Combining abundant measures of sexual energy and recalcitrant malcontent, this might well be the part that Farrell was born to play. Magnetic, menacing yet equally malleable, Farrell brings full maturity to his portrayal of Strindberg’s low-born but high-brow household servant.
Farrell and Chastain form a forceful screen fusion in Ullman’s Miss Julie, playing the ill-starred lovers with the right amount of social repression, sudden explosion and tragic condition. The ever-impressive Samantha Morton plays Kathleen the cook, dominant moral force in the kitchen where most of the action unfolds. Her discomfort at the sexuality between John and Julie is ambiguous. Perhaps she’s simply put out that her own dalliance with John is threatened; perhaps she’s aware that erotic congress between upstairs and downstairs might cause the whole edifice of class distinction to crumble.

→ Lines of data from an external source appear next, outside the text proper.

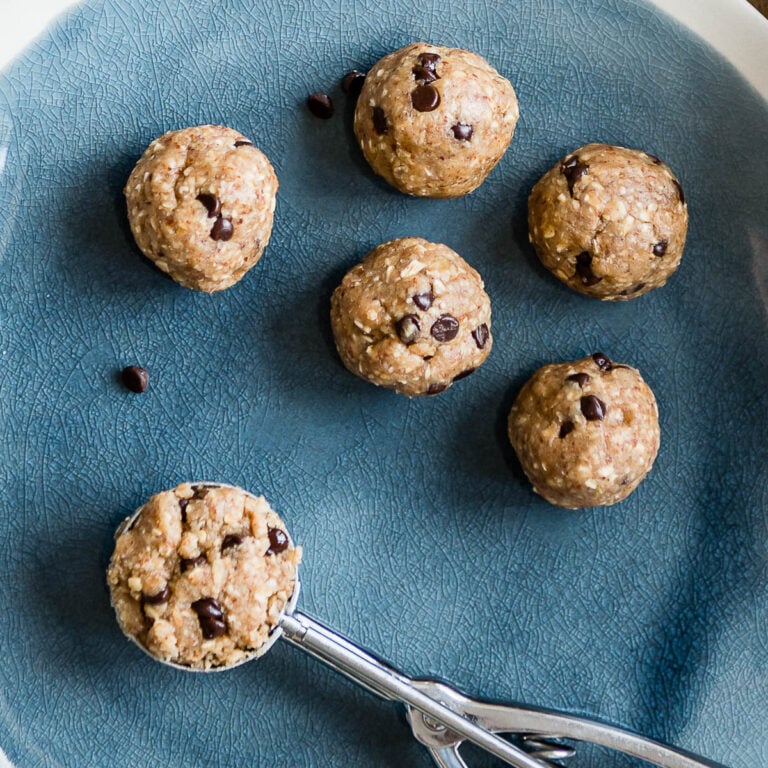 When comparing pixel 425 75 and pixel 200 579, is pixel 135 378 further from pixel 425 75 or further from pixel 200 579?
pixel 425 75

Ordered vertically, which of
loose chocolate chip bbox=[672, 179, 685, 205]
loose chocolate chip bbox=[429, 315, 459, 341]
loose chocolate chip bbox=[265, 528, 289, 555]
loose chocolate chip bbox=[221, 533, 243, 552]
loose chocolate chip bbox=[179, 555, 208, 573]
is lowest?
loose chocolate chip bbox=[265, 528, 289, 555]

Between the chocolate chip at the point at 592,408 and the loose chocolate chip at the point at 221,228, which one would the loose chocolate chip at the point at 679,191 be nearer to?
the chocolate chip at the point at 592,408

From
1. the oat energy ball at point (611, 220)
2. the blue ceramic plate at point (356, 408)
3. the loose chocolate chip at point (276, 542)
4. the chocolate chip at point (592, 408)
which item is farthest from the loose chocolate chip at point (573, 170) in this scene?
the loose chocolate chip at point (276, 542)

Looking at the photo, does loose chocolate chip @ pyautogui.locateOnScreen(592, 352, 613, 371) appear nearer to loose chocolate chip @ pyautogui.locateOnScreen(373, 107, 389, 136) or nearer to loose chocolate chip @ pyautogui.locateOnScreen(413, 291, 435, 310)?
loose chocolate chip @ pyautogui.locateOnScreen(413, 291, 435, 310)

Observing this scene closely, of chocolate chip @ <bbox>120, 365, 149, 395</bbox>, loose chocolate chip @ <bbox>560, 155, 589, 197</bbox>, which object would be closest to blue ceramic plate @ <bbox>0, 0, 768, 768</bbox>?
chocolate chip @ <bbox>120, 365, 149, 395</bbox>

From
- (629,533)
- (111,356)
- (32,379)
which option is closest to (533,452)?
(629,533)

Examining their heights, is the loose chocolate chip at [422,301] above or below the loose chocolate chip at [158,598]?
above

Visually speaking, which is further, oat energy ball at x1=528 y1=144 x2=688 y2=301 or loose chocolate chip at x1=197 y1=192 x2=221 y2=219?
oat energy ball at x1=528 y1=144 x2=688 y2=301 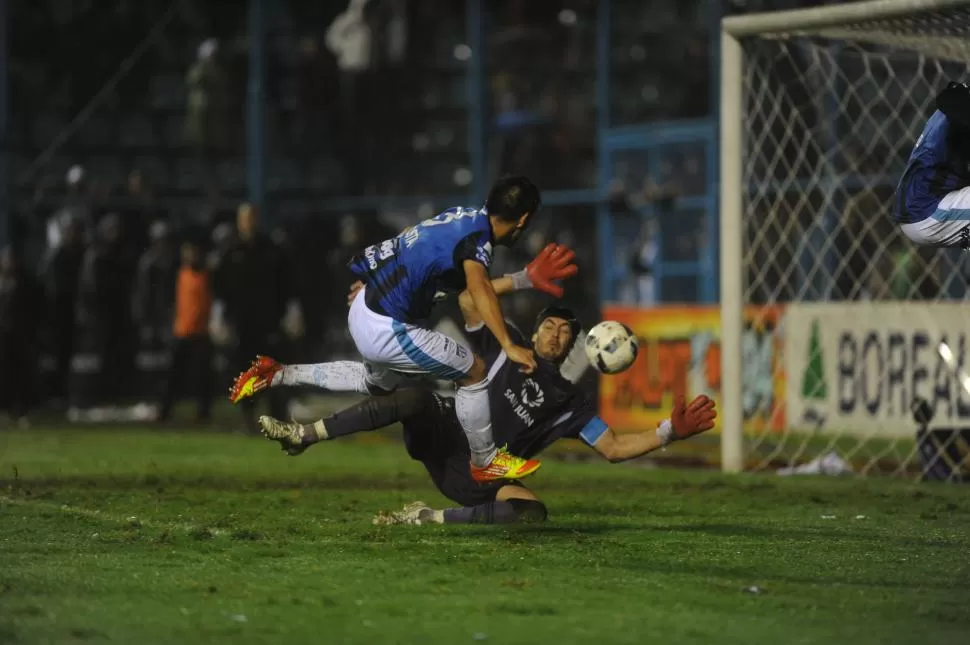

It was this possibility that certainly most concerned Strindberg. The idea that strict class lines were blurring was a profound moral topic in the late 19th-century. John (Jean in the original) is one of the great dramatic anti-heroes, torn between knowing his place and kicking over the traces. A sense of barely tamed wild temper means the role is often played, in English versions, by a Celtic actor (eg. Donal McCann, Stephen Rea, Peter Mullan). But none are more suitable than Farrell. The rakish Dublin wideboy meets the sensitive troubled soul, intertwined with acute sexual magnetism. No wonder the women are fighting over him.
Miss Julie is in cinemas from Friday, 28 August.